The question for Canada is, what do we do now?
In truth, Canada's industrial policy makers are in a miserable, Catch-22 spot. The fact that global auto makers would rather invest billions in Mexico – a country where the BBC estimates 60,000 people have been killed since 2006 in a military crackdown on drug gangs – is a damning indictment of our country's export growth potential.
Yet the solutions to Canadian manufacturing's woes are far from obvious. Canada's deteriorating trade deficit – the driving force behind the recent decline in the loonie – will only improve through major investments in efficiency and productivity.
The problem is that these improvements are harmful to employment growth. Productivity is measured by output per hours worked. With global market share declining, the route to higher productivity is almost certainly fewer hours worked, which is not something policy makers want to necessarily encourage given our unemployment rate.
Canada's steady loss of auto production business has occurred despite considerable government subsidies. In 2013, Ontario and Ottawa committed $140-million in taxpayer funds to Ford Motor Co. to retool their Oakville, Ont. facility. The Prime Minister also pledged another $250-million to extend an auto industry "innovation fund" for another five years.

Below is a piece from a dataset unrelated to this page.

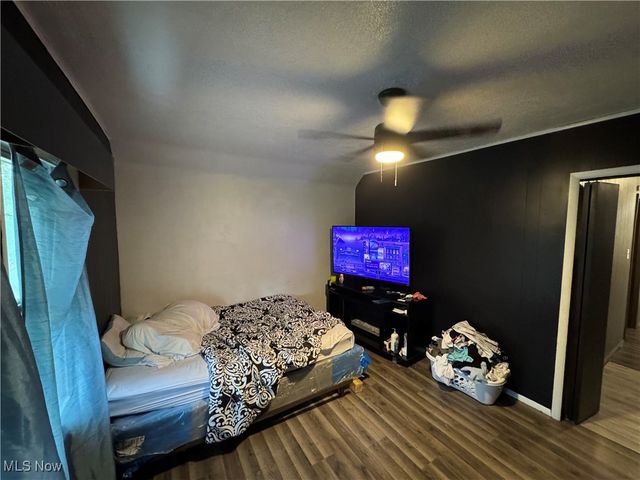 7696 Laumer Avenue, Cleveland, OH 44105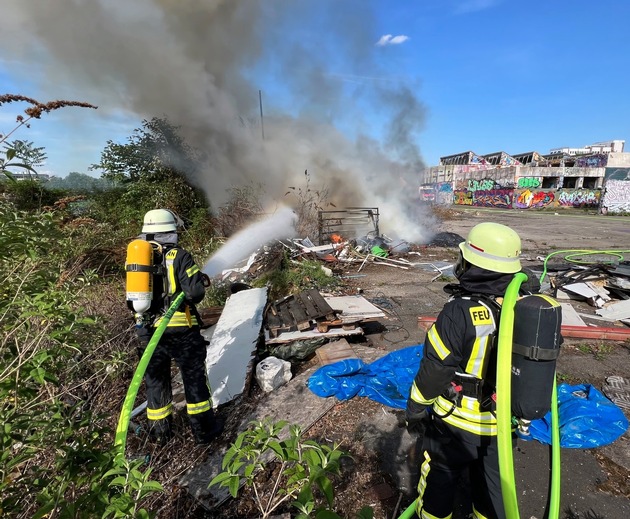 FW-BN: Feuer auf dem Gelände des ehemaligen Schlachthofes sowie Gasausströmung in Lengsdorf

Canadians expecting the weaker loonie to provide a big economic tailwind need to recognize that the Mexican peso is also falling against the greenback. Mexico is also becoming more competitive for global investors.

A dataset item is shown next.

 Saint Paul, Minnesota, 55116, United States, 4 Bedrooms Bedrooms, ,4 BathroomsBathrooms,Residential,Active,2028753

To stem the tide of job losses – one of General Motors Co.'s two Oshawa, Ont., plants is set to close in 2016 – would require a significant uptick in government handouts to the industry. In the short term these subsidies would be economically sound, but they're still unfair. Taking tax dollars from Canadians who make the average wage and giving them to auto workers that make considerably more than the average, is a redistribution of wealth from poor to relatively rich.
Out of habit, Canadian policy makers are likely asking the wrong question. Instead of "how much more will it cost to maintain the status quo?," we need to re-examine the economy's commitment to Old Economy jobs.

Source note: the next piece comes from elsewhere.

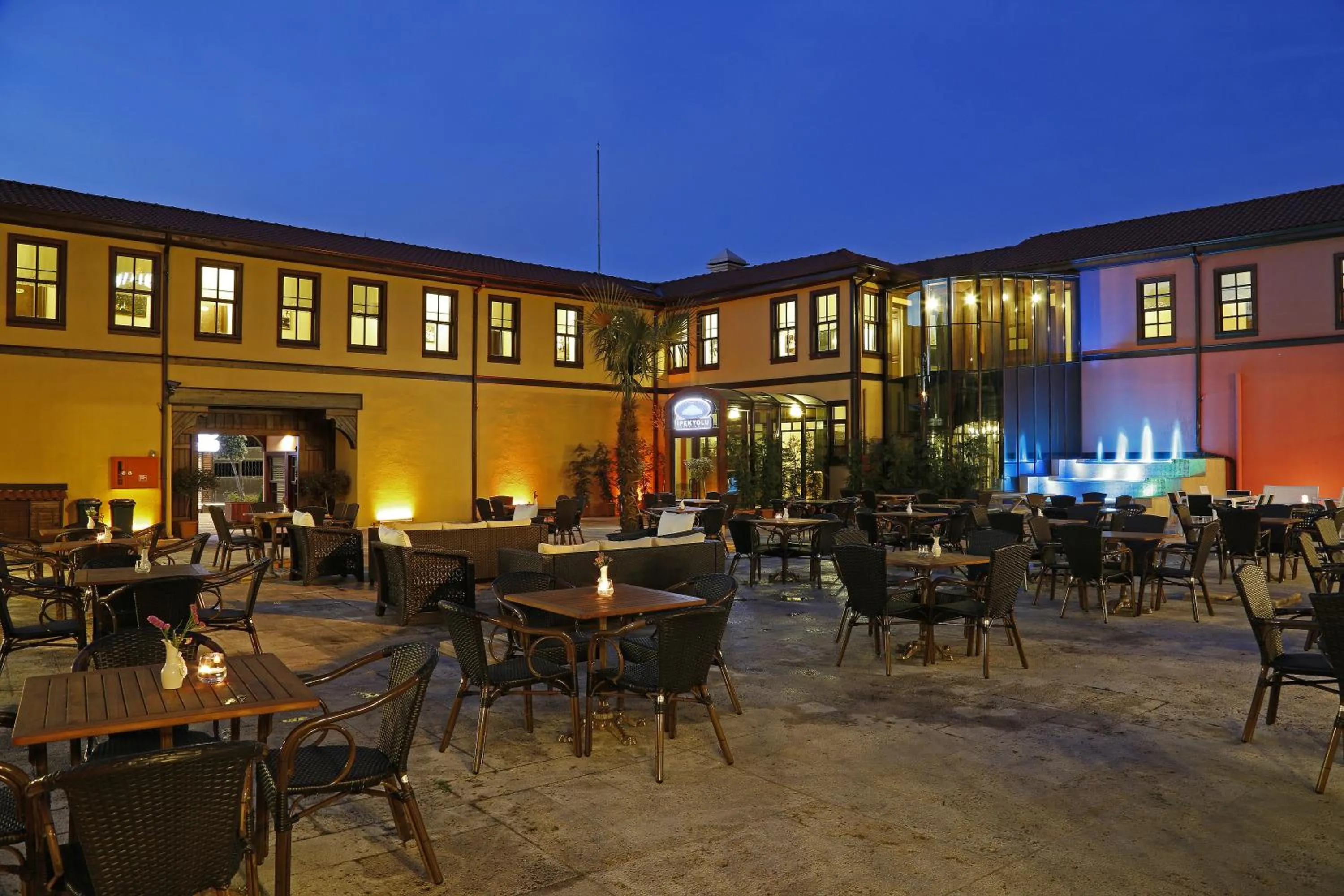 Patio in Bursa İpekyolu Hotel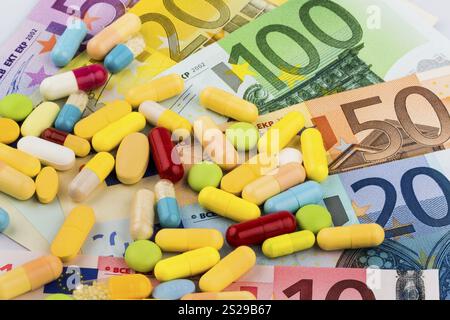Banconote e compresse in euro, foto simbolica per i costi dei farmaci e dell'assicurazione sanitaria. Austria Foto Stock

Globalization and the economic development of Asia, eastern Europe and Latin America has made the global manufacturing industry dauntingly, viciously competitive.
But starting with Japan in the 1970s, economic development resulted in new, stronger competition for car-buying dollars as Toyota, Honda, Nissan, Hyundai, and Tata Motors joined the fray. And it won't be long before China's new auto manufacturers SAIC Motor Corp., and Dongfeng Motor produce a vehicle cheap enough to compete for market share in North America.
The question is not whether Canada can compete with foreign manufacturers – we can, although it will require technology that will cause major job losses – but whether it's worth it to do so.
It would be economic suicide to let the auto industry and general manufacturing wither and die. We are too wealthy a country to let Windsor and Oshawa become Detroits. Government support at current levels is necessary and prudent. Almost every country that makes cars hands out subsidies to maintain business, and Canada should, too.
But only to a point. When government steps in to help the economy, the traditional beneficiaries are manufacturing, and construction companies building roads and bridges. Some of this work needs to be done, but to focus solely on these areas is to ignore the fact that the modern digital economy is far different from the economy of the 1930s.
Now, government support should extend to New-Economy businesses where, as a highly educated society, we have the ability to compete successfully with Mexico, China and other low-wage developing countries.
True, it's harder to create mass employment by expanding telecommunications networks, for example, but that doesn't mean it shouldn't be done. We have a lot of smart people in Canada, so let's prove it.